Performance Evaluation
Receiver operating characteristic (ROC) curves, calibration curves, and decision curves were plotted to evaluate the discriminative performance, the calibration degree, and clinical usefulness.
Discrimination
The optimal diagnostic threshold was calculated based on the principle of the maximum Youden index, and then substituted into the independent testing dataset., The area under the ROC curve (AUC), the sensitivity (SEN), specificity (SPE), positive predictive values (PPV) negative predictive value (NPV), and accuracy (ACC) were calculated from ROC analysis in both the training and testing groups to evaluate the diagnostic efficacy of the three models.

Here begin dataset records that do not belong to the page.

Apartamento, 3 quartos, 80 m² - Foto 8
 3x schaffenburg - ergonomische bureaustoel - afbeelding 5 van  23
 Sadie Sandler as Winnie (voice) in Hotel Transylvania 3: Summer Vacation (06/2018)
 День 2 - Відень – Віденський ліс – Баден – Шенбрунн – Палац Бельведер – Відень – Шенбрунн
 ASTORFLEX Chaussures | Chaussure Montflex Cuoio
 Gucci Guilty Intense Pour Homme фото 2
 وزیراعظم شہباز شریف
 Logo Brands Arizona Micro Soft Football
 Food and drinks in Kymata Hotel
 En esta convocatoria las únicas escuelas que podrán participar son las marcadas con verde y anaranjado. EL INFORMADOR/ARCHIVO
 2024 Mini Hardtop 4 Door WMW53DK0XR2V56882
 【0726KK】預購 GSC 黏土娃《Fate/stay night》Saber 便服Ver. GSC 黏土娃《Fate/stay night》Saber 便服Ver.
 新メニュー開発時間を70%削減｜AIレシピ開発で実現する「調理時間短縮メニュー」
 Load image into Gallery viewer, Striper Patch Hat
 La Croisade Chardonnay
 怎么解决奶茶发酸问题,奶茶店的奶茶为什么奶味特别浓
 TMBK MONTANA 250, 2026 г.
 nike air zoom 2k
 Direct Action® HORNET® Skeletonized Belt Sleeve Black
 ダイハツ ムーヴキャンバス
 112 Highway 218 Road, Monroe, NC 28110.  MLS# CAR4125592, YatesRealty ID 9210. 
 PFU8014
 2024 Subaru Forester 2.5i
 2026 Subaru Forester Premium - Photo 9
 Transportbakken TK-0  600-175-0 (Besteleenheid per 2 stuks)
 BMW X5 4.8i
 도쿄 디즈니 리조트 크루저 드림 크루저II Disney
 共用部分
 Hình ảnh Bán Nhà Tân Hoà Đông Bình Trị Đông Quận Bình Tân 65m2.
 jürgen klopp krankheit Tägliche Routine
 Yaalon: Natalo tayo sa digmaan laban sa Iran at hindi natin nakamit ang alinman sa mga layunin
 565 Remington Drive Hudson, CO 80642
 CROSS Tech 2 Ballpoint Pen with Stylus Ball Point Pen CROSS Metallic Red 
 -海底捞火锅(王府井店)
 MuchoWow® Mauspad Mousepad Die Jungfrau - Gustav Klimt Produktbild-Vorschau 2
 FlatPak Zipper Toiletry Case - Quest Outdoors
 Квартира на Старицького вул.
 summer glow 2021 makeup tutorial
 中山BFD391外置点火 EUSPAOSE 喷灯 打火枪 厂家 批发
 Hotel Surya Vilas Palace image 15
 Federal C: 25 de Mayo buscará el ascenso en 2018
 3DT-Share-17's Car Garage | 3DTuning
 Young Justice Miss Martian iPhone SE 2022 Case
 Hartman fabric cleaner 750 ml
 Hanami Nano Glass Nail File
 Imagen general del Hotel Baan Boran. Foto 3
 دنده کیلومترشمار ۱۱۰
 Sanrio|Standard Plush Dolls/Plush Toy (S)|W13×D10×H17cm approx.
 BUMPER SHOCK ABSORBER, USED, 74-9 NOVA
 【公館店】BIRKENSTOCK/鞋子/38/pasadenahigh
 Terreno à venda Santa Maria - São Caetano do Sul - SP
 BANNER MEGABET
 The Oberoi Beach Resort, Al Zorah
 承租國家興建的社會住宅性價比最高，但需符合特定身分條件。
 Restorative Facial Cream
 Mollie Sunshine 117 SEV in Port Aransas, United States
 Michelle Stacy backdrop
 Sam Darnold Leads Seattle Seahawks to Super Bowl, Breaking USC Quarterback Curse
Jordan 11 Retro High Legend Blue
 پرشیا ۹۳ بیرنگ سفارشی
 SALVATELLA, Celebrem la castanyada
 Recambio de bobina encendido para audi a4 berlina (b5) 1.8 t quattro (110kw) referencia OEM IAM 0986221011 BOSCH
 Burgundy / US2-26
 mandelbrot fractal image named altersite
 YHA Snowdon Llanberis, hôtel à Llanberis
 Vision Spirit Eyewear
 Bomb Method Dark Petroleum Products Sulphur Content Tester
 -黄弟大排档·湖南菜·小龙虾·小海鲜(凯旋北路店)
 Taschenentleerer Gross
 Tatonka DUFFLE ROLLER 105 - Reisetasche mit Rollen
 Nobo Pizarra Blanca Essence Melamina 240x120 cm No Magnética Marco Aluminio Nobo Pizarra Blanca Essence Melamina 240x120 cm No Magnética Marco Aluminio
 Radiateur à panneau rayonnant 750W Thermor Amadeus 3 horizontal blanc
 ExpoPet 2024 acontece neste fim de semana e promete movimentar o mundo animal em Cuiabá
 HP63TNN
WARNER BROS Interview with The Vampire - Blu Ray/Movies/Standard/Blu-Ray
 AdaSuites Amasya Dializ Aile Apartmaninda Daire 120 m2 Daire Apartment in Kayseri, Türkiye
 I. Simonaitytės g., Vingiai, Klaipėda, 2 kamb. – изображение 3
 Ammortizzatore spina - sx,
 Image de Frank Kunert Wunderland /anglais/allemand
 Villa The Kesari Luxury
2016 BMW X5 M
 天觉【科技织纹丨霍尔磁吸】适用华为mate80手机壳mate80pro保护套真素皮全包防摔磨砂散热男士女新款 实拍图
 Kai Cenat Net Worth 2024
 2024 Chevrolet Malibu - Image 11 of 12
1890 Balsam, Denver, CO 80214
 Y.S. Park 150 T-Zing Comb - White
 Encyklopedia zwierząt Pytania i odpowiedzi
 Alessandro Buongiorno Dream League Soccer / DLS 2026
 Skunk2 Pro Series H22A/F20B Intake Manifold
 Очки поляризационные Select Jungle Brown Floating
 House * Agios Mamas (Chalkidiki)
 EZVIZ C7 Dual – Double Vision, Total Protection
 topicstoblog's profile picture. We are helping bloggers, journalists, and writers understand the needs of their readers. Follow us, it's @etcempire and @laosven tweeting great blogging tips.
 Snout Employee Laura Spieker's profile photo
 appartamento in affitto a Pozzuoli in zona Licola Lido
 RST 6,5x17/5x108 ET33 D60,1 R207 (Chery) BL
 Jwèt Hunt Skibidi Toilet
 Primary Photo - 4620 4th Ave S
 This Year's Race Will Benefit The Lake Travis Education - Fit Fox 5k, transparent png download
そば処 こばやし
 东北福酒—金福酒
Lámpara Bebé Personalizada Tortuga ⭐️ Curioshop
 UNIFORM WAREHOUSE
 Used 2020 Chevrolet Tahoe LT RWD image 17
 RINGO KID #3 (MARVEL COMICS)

Besides, the ROC curve of the extracted SUV value was plotted. Delong tests were used to compare whether the difference between AUCs of each radiomics model was statistically significant.
Calibration
Calibration Curves were plotted in both training and testing cohorts to explore the agreement between the observed outcome frequencies and predicted probabilities of the model. The Hosmer-Lemeshow test was used to determine the goodness of fit of the models, and P values of more than 0.05 were considered well-calibrated.
Clinical Usefulness
Decision curve analysis (DCA) was performed to evaluate the net benefit for clinical application of the model by quantifying the net benefits at different threshold probabilities.
Statistical analysis
The baseline characteristics and SUVmax value in the training and testing cohorts were compared using Student’s t-test or the Mann–Whitney U-test for continuous variables and the chi-squared test or Fisher’s exact test for categorical variables. All statistical analyses were performed using R (version 3.5.1). The “glmnet”, “pROC”, “rms” and “rmda” packages in R were used in this study. A two-tailed P < 0.05 indicated a statistical significance.